What the task requires - Transcribe all the entries word for word, omitting any pictures they contain.

Material provided -
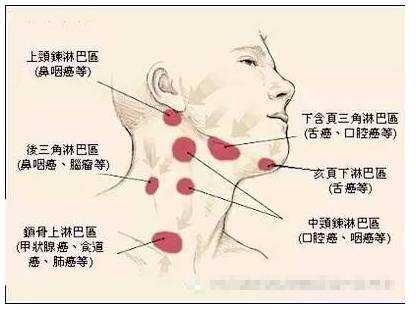 淋巴结肿大是怎么回事,淋巴结肿大的原因有哪些,怀孕期间淋巴结肿大怎么办 第3张 淋巴结肿大是怎么回事,淋巴结肿大的原因有哪些,怀孕期间淋巴结肿大怎么办 第3张
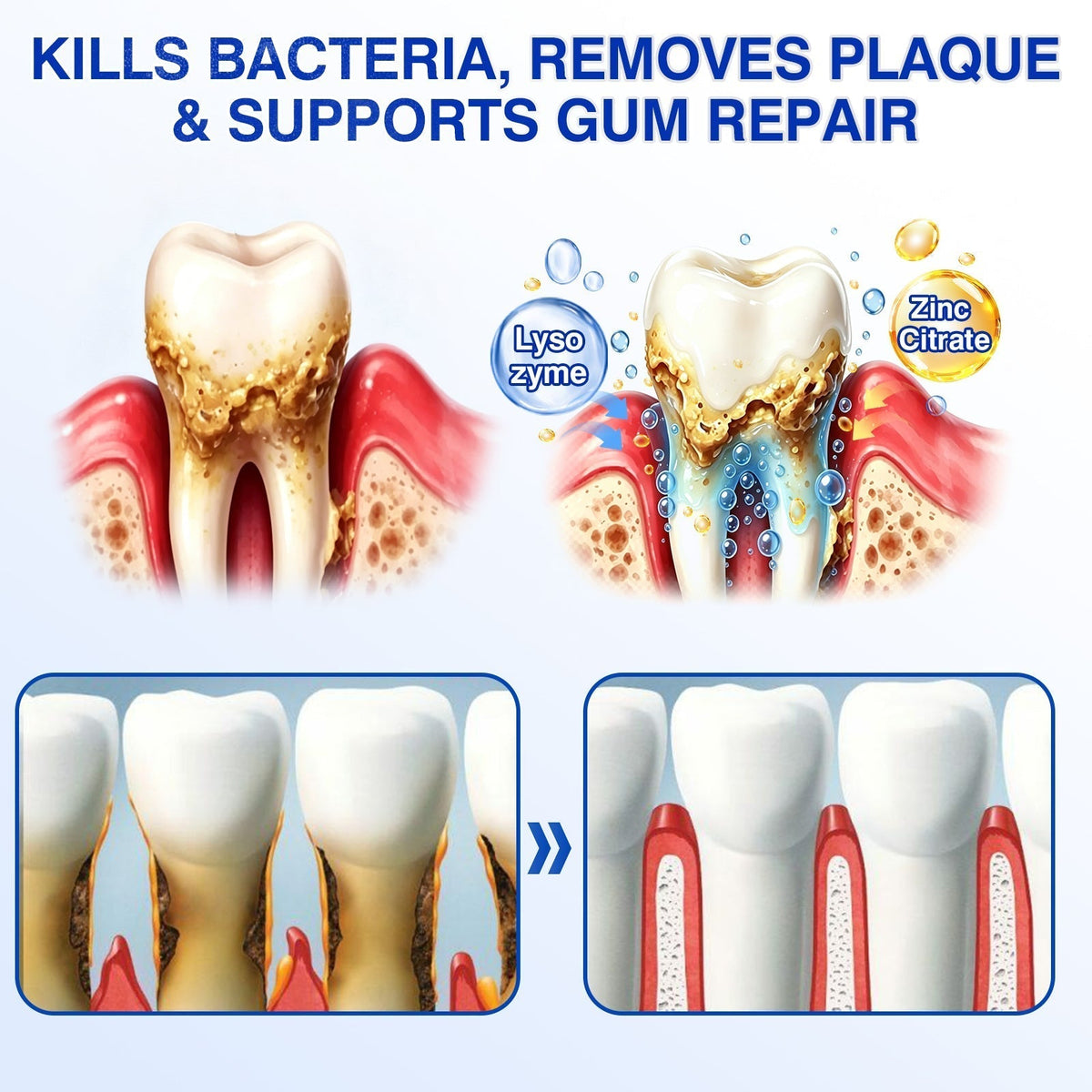 🦷 PERIVA Advanced Gum Care Gel – Tägliche Pflege für frischen Atem & gepflegtes Zahnfleisch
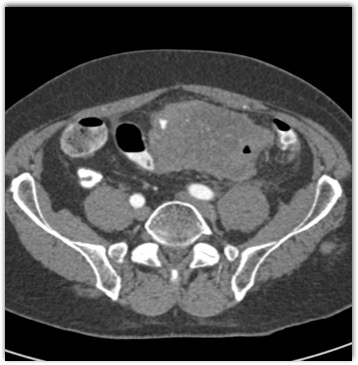 CTisus Quiz
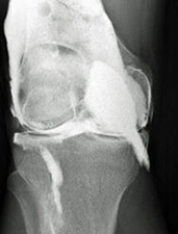 <strong>Which of the following imaging techniques illustrated in the pictures would be the most efficient to discover if there is a loose body within a joint?</strong> A) B) C) D) E)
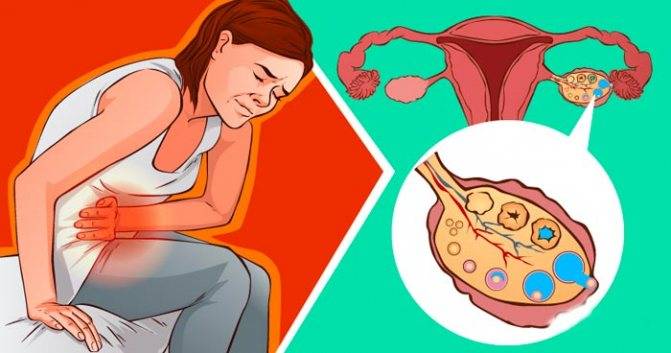Болят яичники перед месячными: в чем причина и может ли это означать беременность?
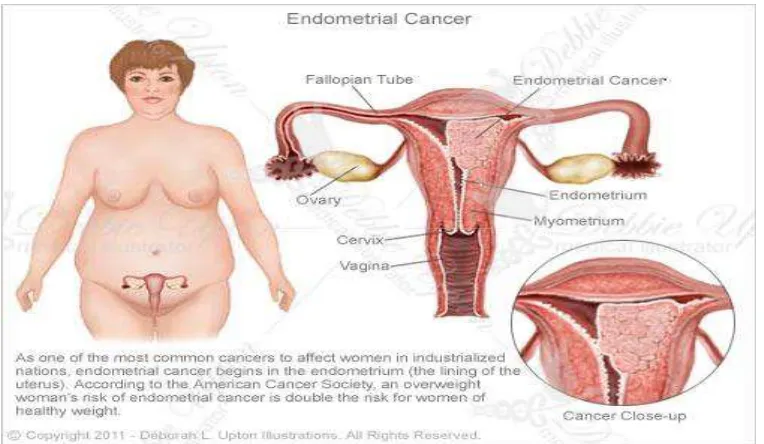 Gambar 2.1. Kanker endometrium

Exercise output -
 淋巴结肿大是怎么回事,淋巴结肿大的原因有哪些,怀孕期间淋巴结肿大怎么办 第3张 淋巴结肿大是怎么回事,淋巴结肿大的原因有哪些,怀孕期间淋巴结肿大怎么办 第3张
 🦷 PERIVA Advanced Gum Care Gel – Tägliche Pflege für frischen Atem & gepflegtes Zahnfleisch
 CTisus Quiz
 <strong>Which of the following imaging techniques illustrated in the pictures would be the most efficient to discover if there is a loose body within a joint?</strong> A) B) C) D) E)
Болят яичники перед месячными: в чем причина и может ли это означать беременность?
 Gambar 2.1. Kanker endometrium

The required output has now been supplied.